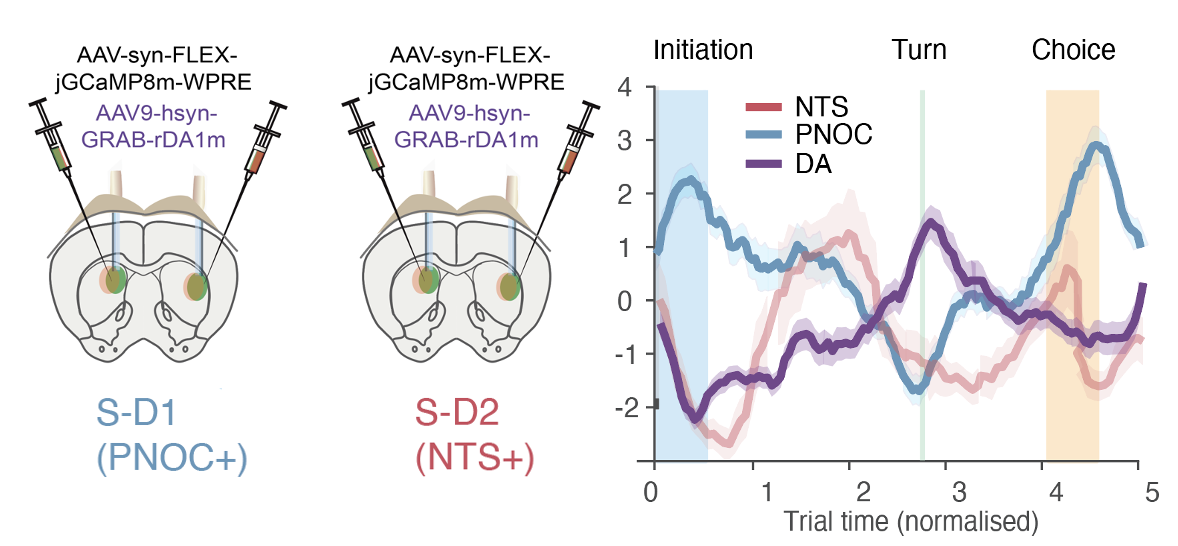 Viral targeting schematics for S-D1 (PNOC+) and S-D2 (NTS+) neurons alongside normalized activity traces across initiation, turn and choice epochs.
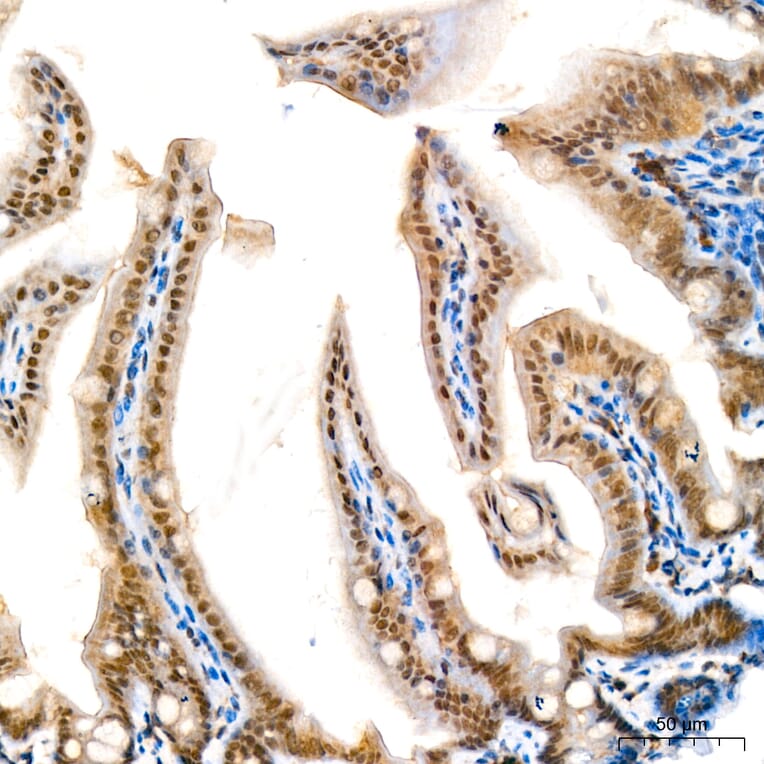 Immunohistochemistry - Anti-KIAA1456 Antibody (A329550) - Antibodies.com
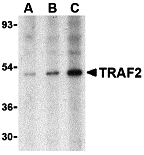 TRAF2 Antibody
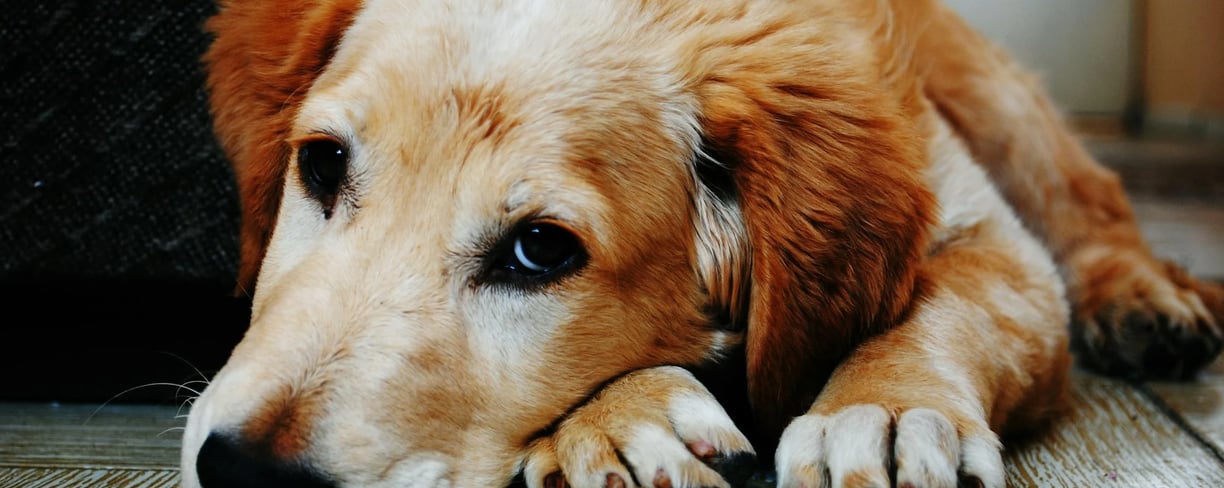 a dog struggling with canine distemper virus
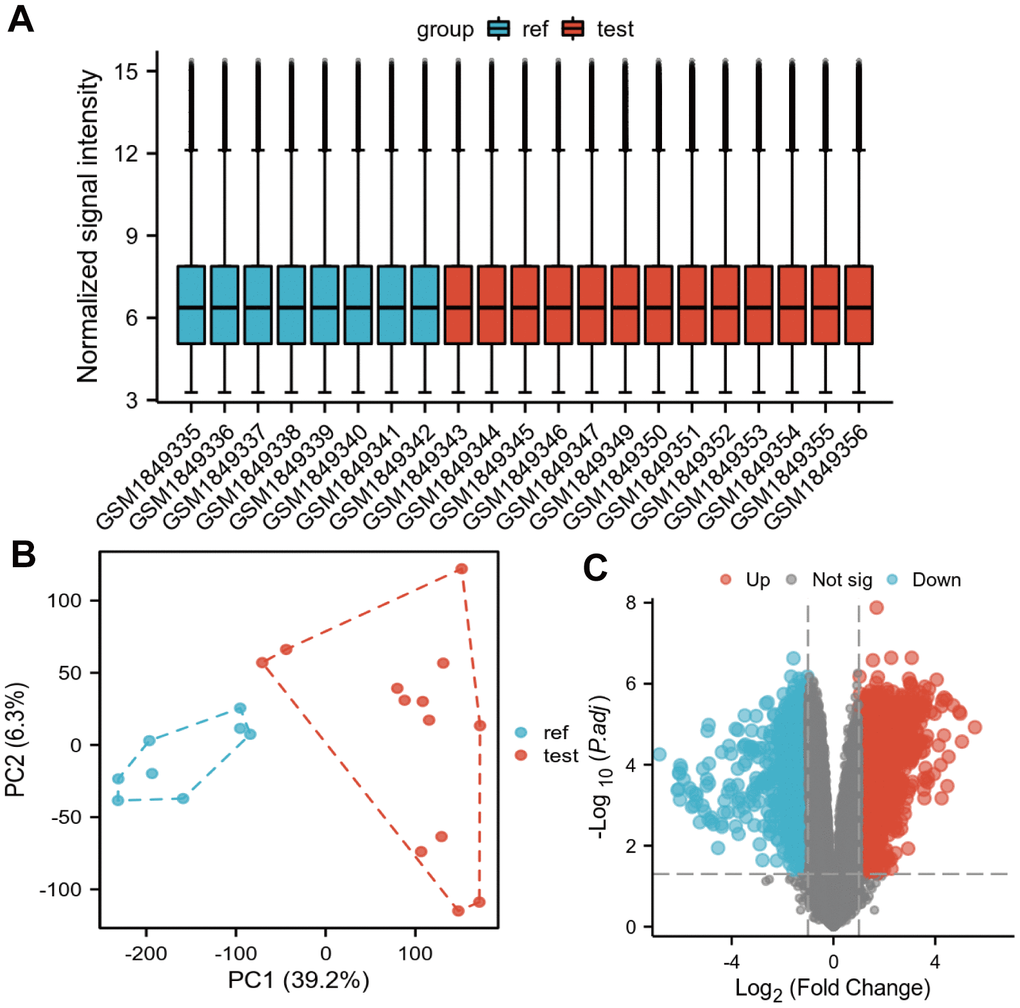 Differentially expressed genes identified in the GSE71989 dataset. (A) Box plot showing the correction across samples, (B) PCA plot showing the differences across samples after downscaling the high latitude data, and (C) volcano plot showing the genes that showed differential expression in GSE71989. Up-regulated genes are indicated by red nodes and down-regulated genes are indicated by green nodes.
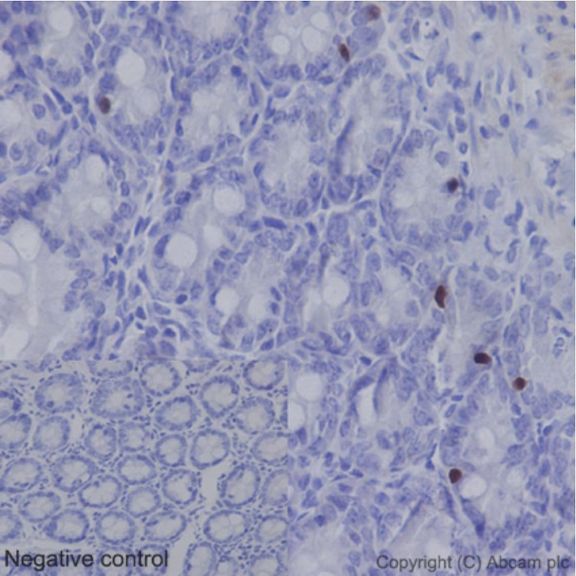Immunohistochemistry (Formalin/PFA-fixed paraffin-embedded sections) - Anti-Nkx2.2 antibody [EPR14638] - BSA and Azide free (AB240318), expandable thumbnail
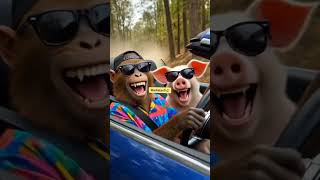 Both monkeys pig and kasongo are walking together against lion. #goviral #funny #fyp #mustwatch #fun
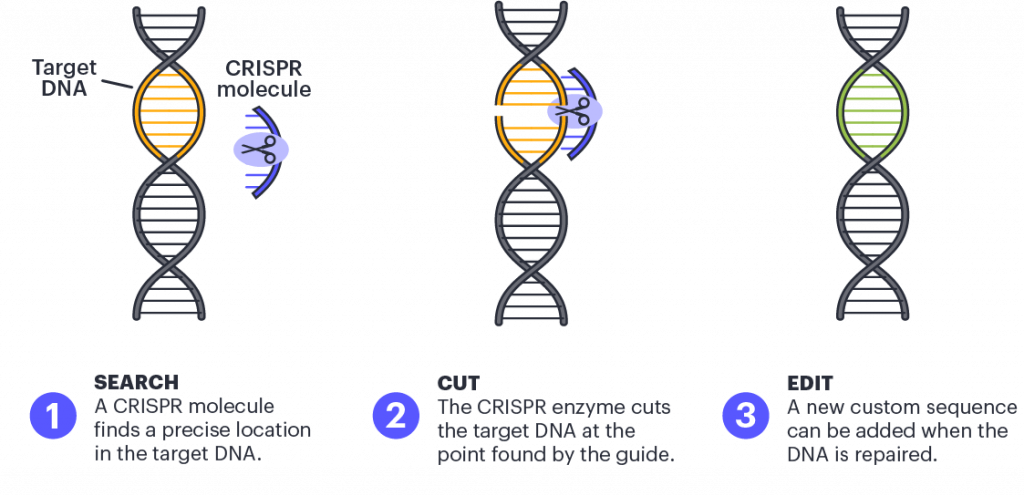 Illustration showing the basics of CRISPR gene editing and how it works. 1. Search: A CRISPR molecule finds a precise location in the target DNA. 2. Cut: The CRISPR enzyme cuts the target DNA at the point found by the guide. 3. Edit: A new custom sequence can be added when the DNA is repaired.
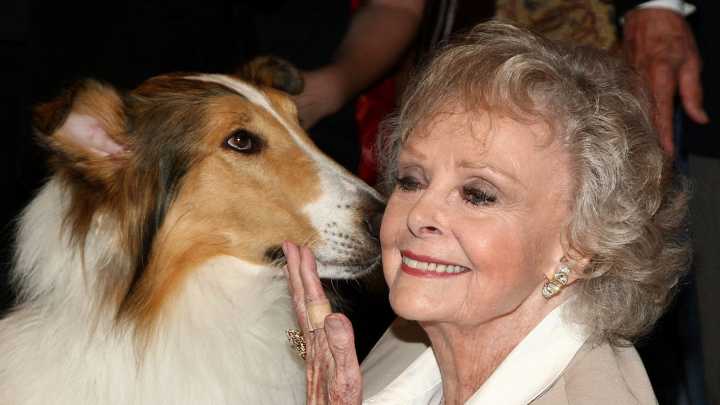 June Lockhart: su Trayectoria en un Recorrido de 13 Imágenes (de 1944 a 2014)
──────────────────────────────
The line containing "a dog struggling with canine distemper virus" marks the end; please output exactly the lines of the listing above from its first line through that line, without pictures.

 Viral targeting schematics for S-D1 (PNOC+) and S-D2 (NTS+) neurons alongside normalized activity traces across initiation, turn and choice epochs.
 Immunohistochemistry - Anti-KIAA1456 Antibody (A329550) - Antibodies.com
 TRAF2 Antibody
 a dog struggling with canine distemper virus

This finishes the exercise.